Whatever the law allows, though, graffiti writers who sue anyone for using or destroying their work are ultimately damaging the future of their own art form.
To see why, you have to first know about two recent high-profile graffiti-related lawsuits in New York City. The first was a pyrrhic victory for graffiti when a group of spray can artists who had painted pieces on the famous 5Pointz building in Long Island City won a $6.7 million award in February. U.S. District Court Judge Frederic Block ruled that by whitewashing the walls of his own building – which he was soon tearing down anyway – owner Jerry Wolkoff had unfairly destroyed recognized works of art. He awarded $150,000, the maximum damage allowed under the Visual Artists Rights Act, for each of the works destroyed.
Wolkoff allowed graffiti to flourish on his building for more than two decades and, as he learned, that good deed could not go unpunished.
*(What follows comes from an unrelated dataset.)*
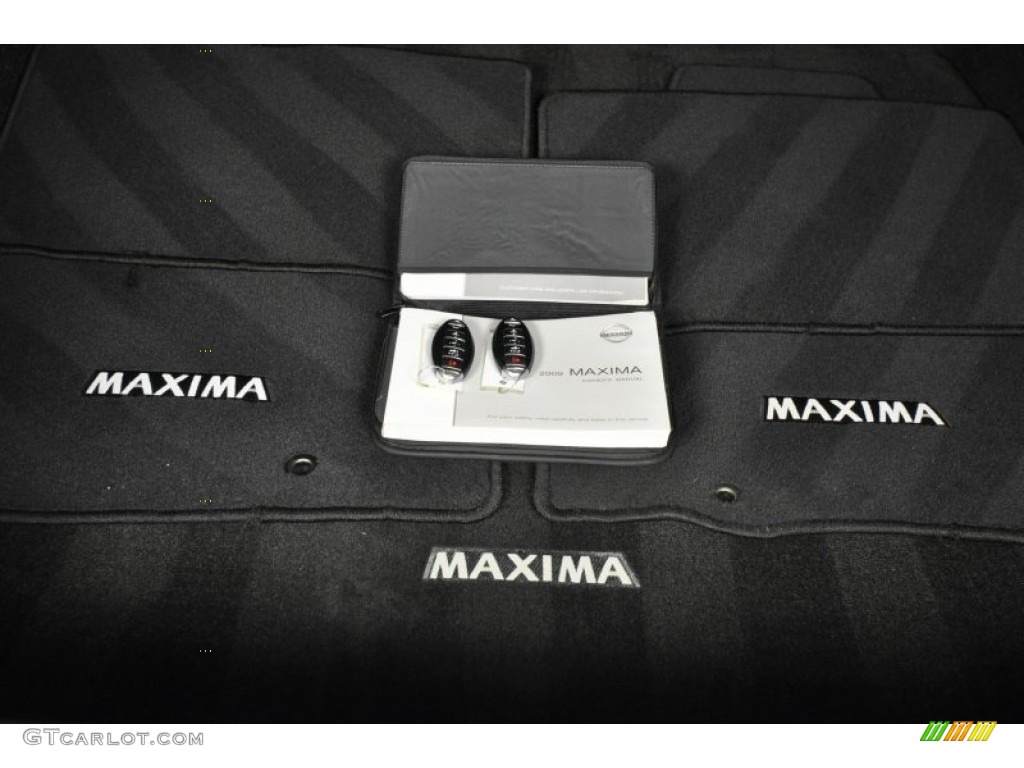 2009 Nissan Maxima 3.5 SV Keys Photos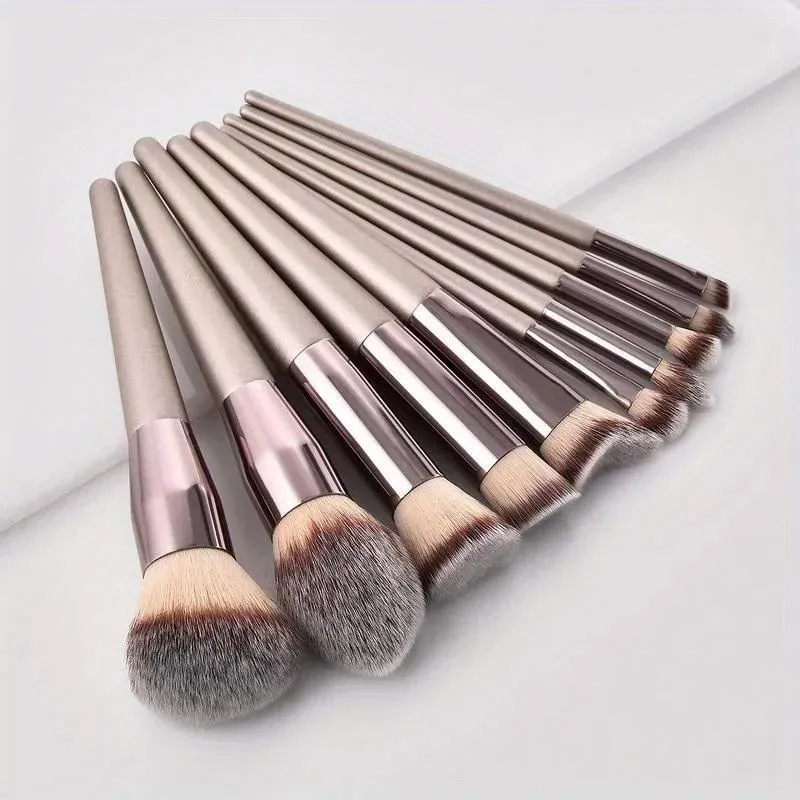 10 Buah Kuas Rias Emas Sampanye Set Lengkap Foundation Loose Powder Blush Concealer Eye Shadow Set Profesional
Graffiti artists say they want legal walls, but when someone is generous enough to give them one, this is how they show their appreciation.
In January, Jason Williams, a Los Angeles-based artist whose tag is Revok, sent a cease-and-desist letter to clothing retailer H&M, complaining that the company had shot a commercial in front of a mural Williams had painted at a Brooklyn playground. H&M, Williams’ lawyer contended, used the work without his approval and the letter threatened legal action in the absence of “an amicable settlement.” In March, H&M filed suit asking the same federal district court in Brooklyn where the 5Pointz case was adjudicated to rule that they did not infringe on Williams’ copyright. In response, street artists and their supporters organized on social media to boycott H&M and the company quickly backed off, telling Huff Post that they are withdrawing the suit and working to reach an agreement with Williams.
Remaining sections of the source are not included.